— DATASET SECTION —
------------------------------------
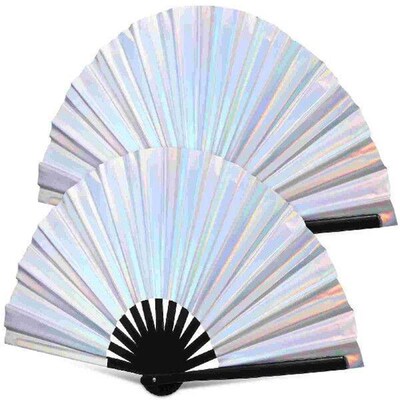 2 Pcs Hand Held Fan Symphony Kung Fu Folding Fans Festival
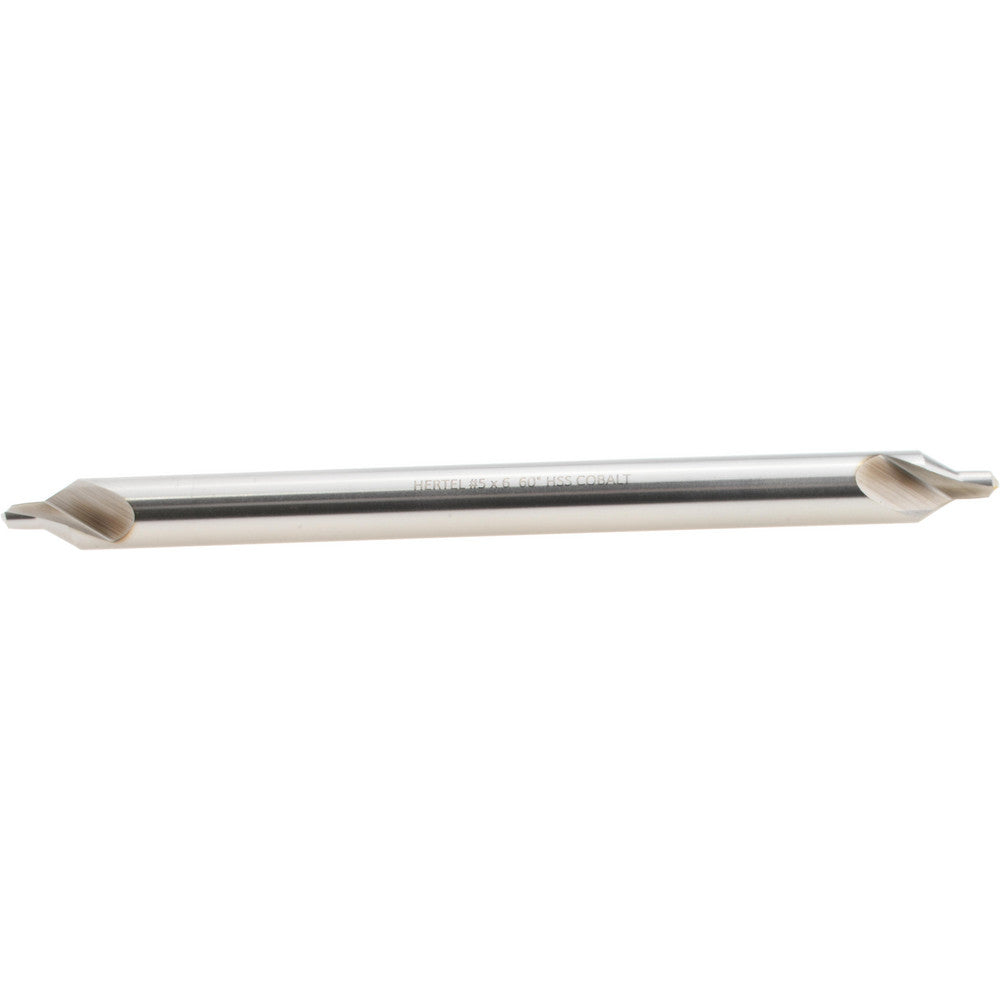 Hertel H-81186050600 Combination Drill & Countersink #5, 7/16" Body Dia, 118 deg, Cobalt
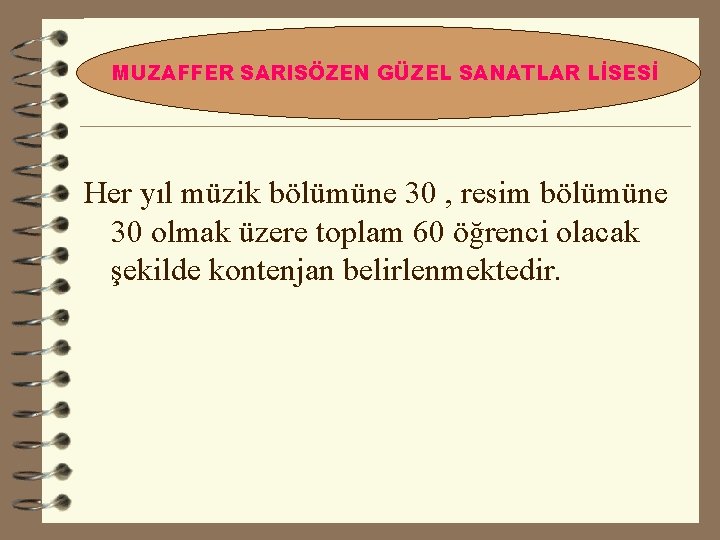 MUZAFFER SARISÖZEN GÜZEL SANATLAR LİSESİ Her yıl müzik bölümüne 30 , resim bölümüne 30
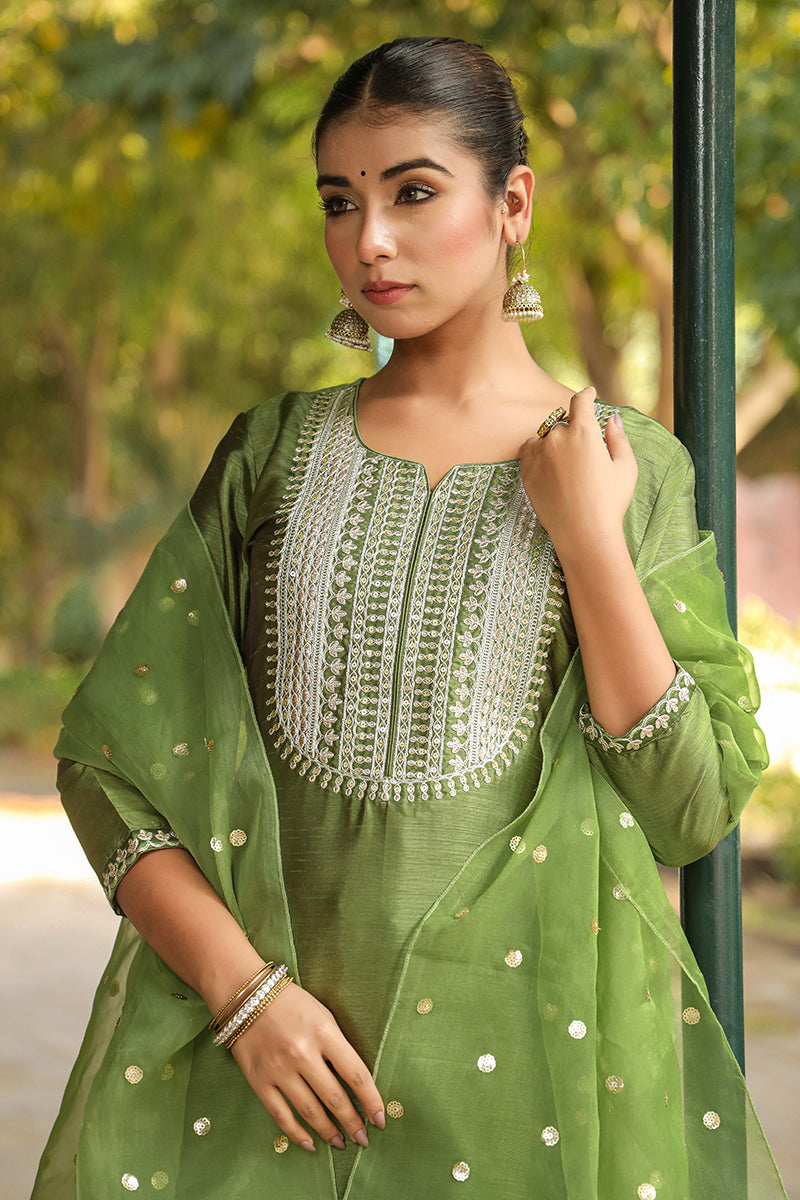 Green Poly Silk Solid Yoke Design Suit Set PKSKD1591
------------------------------------
— WORK ORDER —
When you restate the listing above, give each line word for word but leave out every image.

— SOLUTION FOR THIS PROBLEM —
 2 Pcs Hand Held Fan Symphony Kung Fu Folding Fans Festival
 Hertel H-81186050600 Combination Drill & Countersink #5, 7/16" Body Dia, 118 deg, Cobalt
 MUZAFFER SARISÖZEN GÜZEL SANATLAR LİSESİ Her yıl müzik bölümüne 30 , resim bölümüne 30
 Green Poly Silk Solid Yoke Design Suit Set PKSKD1591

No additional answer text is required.